Anzelmo has written Vela asking him to shut all the parks down.

On Wednesday, national parks like Yellowstone rolled out what they’re changing. Entrance gates and the north entrance road from Gardiner to Cooke City, Montana, are staying open, but the park’s lone open visitor center — the Albright Center in Mammoth — and the Boiling River soaking and swimming area were closed until further notice.

The National Elk Refuge has ended sleigh rides for the season and the Jackson Hole & Greater Yellowstone Visitor Center on North Cache Street is closed, though center staff are taking phone calls from 9 a.m. to 5 p.m. at 733-3316.

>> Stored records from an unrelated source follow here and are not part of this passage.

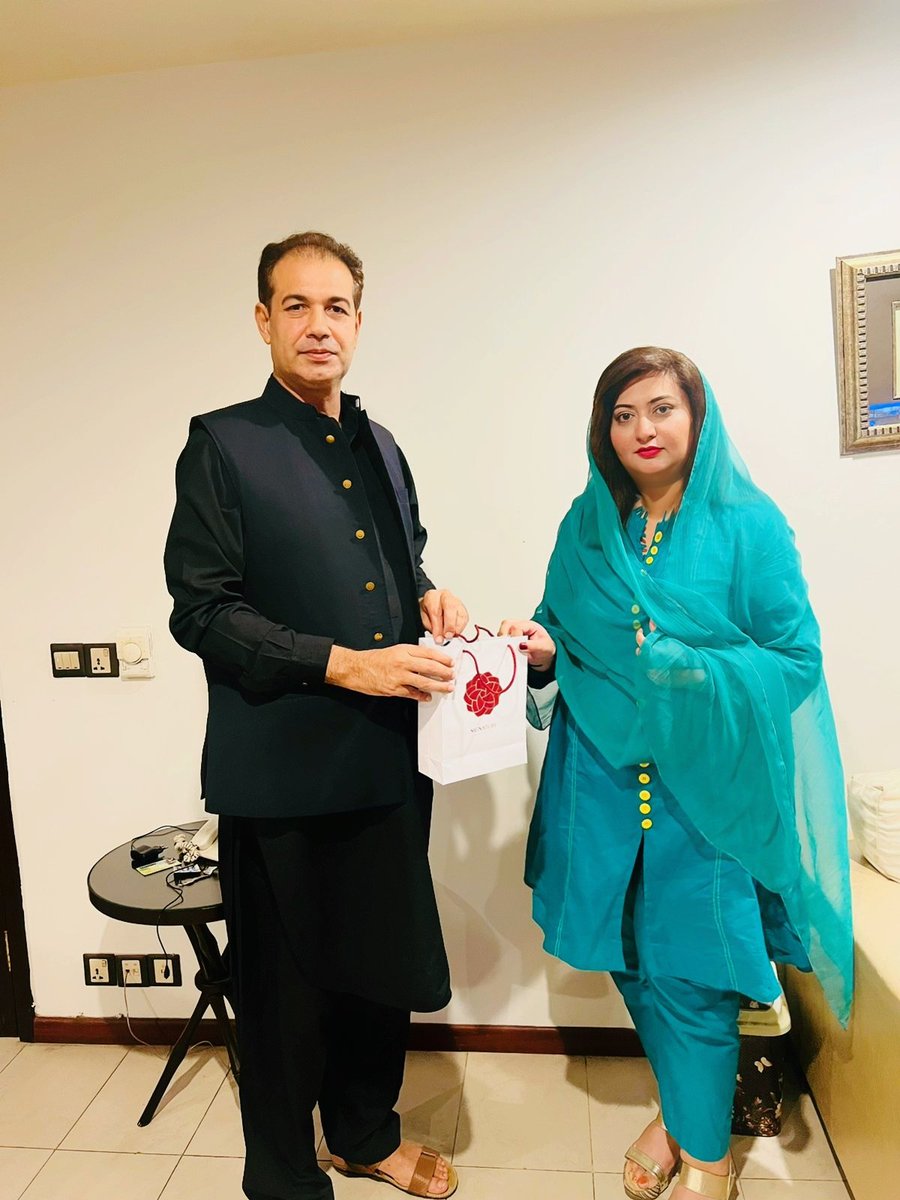 AmnaKhanPMLN's tweet photo. Nice Meeting with Youthwing President PMLN 
@Alikhanyzai
#SignatureHotels 
#j7group 
#Hospitality https://t.co/h7Y5aUXwo6
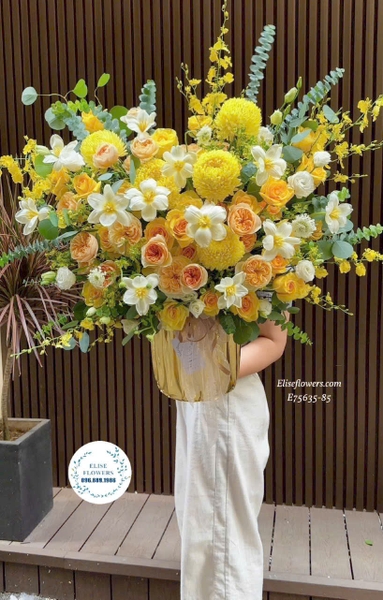 Lẵng Hoa Tươi Tặng Sếp Tại Long Biên - Elise Flowers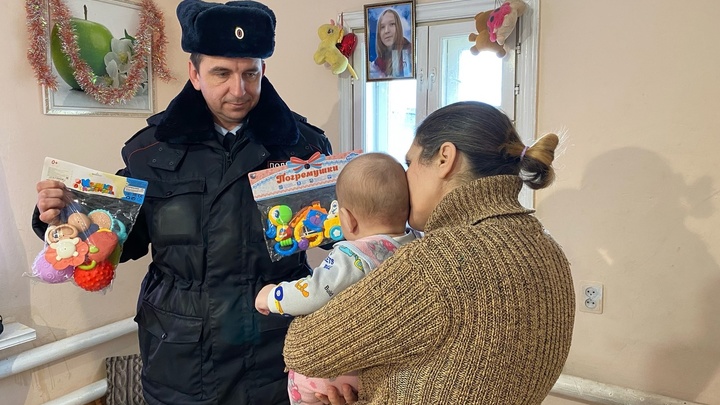 Полицейский, спасший младенца от кровопотери, навестил его в канун Старого Нового года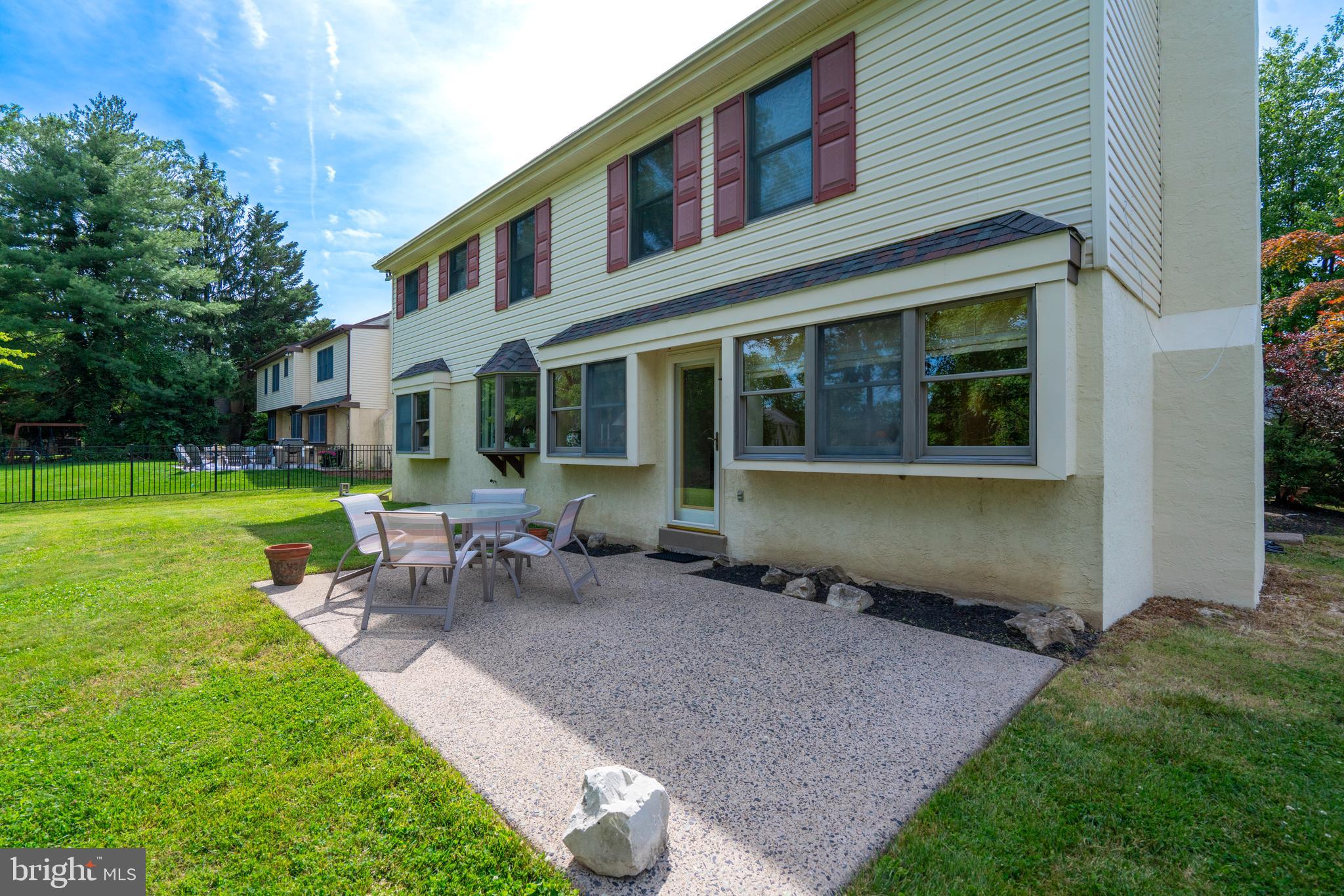 VILLAGE CIRCLE - Residential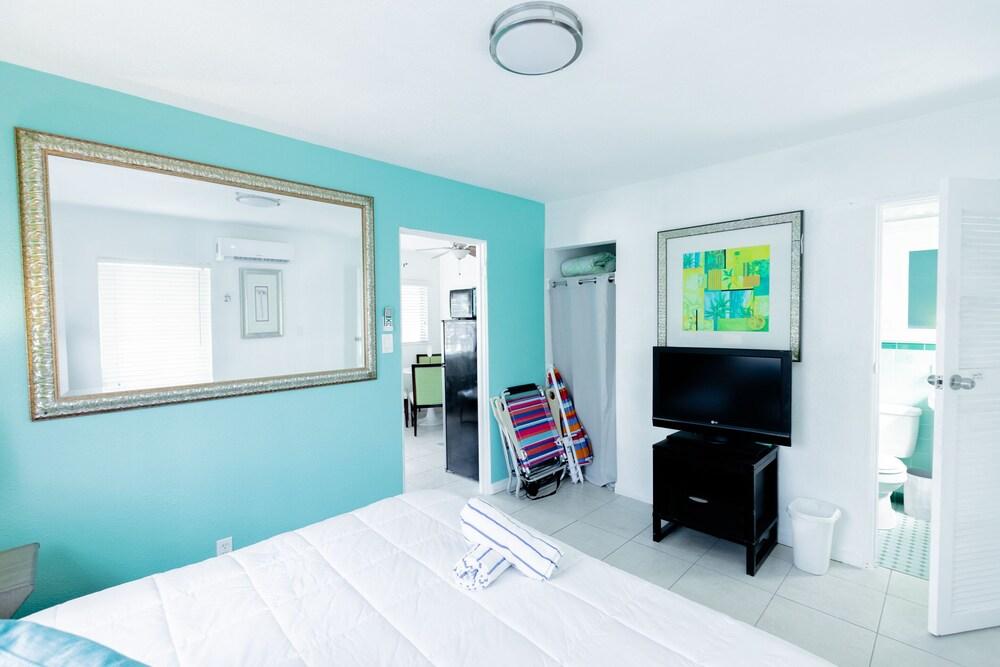 Cabanas of Treasure Island photo 30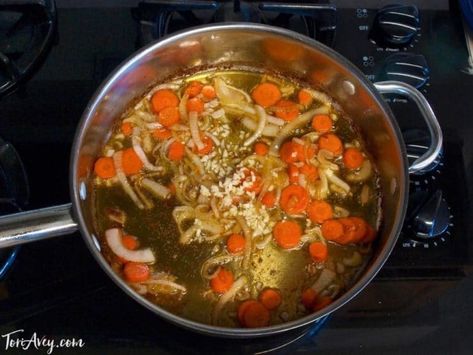 Chicken Okra Stew - Simple and tasty stew made with okra, chicken, carrots and North African spices. Delicious one-pot meal. | #chicken #okra #stew #dinner #onepotmeal #TorisKitchen Chicken And Okra, Stew Dinner, Chicken Carrots, Okra Stew, African Spices, Healthy Remedies, Okra Recipes, One Pot Dinner, Savory Chicken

Grand Teton National Park, which has no public facilities open, is still mulling what to keep closed or open up later this spring, spokeswoman Denise Germann said. Whether the Craig Thomas Discovery and Visitor Center in Moose opens April 15 is “unknown at this time,” she said.

“We are looking ahead and will make modifications accordingly,” Germann said, “but nothing has been decided at this time.”

A Yellowstone press release issued Wednesday encouraged visiting the world’s first national park virtually: via webcams, virtual tours, photo galleries, apps, videos and other digital content. The release did not explicitly encourage in-person visitation.

The National Park Service is sending “mixed messages,” Jackson Hole Chamber of Commerce President and CEO Anna Olson said.

“It’s difficult to really know how people will respond to that,” Olson said.

Going outside locally with family or within your social group is great, she said, but the community has made it clear that now is not the time for a road trip to Grand Teton National Park.

Olson’s main message for the time being is for residents to buy local, be it a book or take-out meal, in order to support the business community.

“When I hear someone say, ‘I got it on Amazon,’ I cringe,” she said. “We’re all in this together, and our businesses need us more than ever, because we’re not going to see tourists.”

In Anzelmo’s view, closing Grand Teton, Yellowstone and other national parks is the right thing to do.

“You have to think about the accumulative effects an onslaught of visitors would cause when the other visitor services they’d ordinarily use are closed,” Anzelmo said. “I know it’s not a popular recommendation, but it’s the correct recommendation.”